MATERIAL PROVIDED START

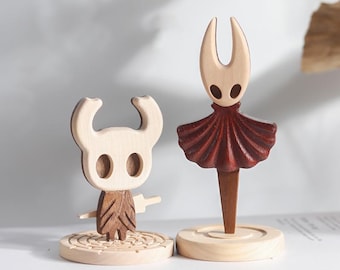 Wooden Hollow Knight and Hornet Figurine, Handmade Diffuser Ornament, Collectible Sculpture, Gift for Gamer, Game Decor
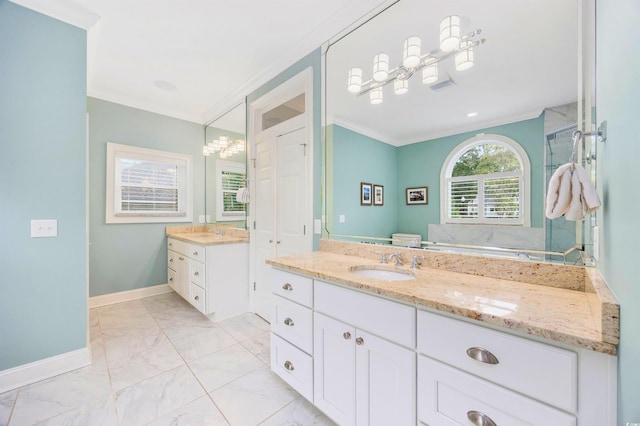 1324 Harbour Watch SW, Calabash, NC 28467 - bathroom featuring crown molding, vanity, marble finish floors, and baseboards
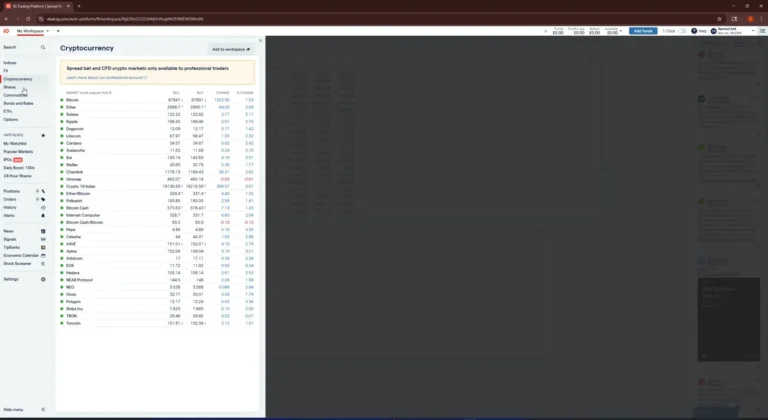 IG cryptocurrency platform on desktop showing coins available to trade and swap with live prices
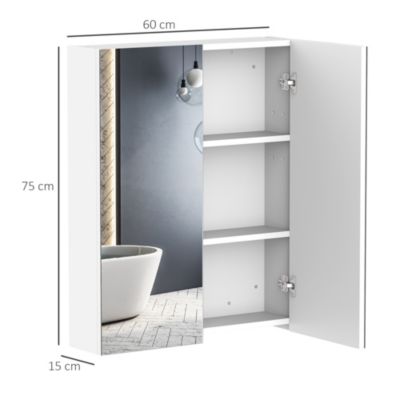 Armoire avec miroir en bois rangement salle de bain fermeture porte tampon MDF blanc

MATERIAL PROVIDED END
MATERIAL PROVIDED START

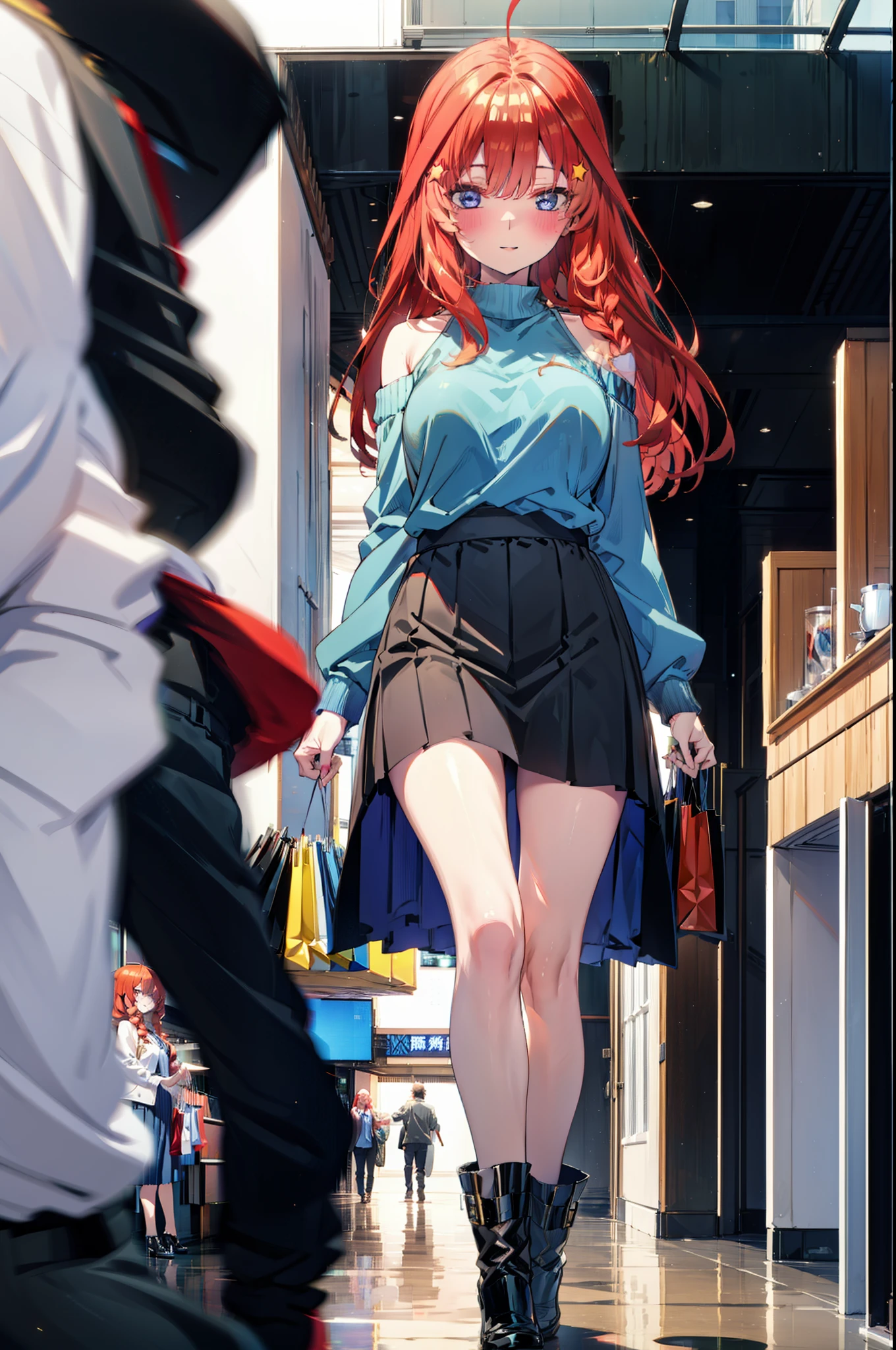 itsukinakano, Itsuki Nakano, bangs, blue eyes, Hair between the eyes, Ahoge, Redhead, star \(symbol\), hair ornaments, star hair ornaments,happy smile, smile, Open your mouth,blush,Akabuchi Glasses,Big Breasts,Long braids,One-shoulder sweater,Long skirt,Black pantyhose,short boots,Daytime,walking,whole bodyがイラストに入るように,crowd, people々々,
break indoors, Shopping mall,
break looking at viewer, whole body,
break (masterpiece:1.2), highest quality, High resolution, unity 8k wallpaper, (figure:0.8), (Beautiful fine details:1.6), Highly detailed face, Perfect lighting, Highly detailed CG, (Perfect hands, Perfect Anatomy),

MATERIAL PROVIDED END

▸ WHAT TO DO:
To complete this exercise, transcribe exactly the lines above from the one that holds "Wooden Hollow Knight" through the one that holds "1324 Harbour Watch". Pictures stay out.

▸ TASK SOLUTION:
 Wooden Hollow Knight and Hornet Figurine, Handmade Diffuser Ornament, Collectible Sculpture, Gift for Gamer, Game Decor
 1324 Harbour Watch SW, Calabash, NC 28467 - bathroom featuring crown molding, vanity, marble finish floors, and baseboards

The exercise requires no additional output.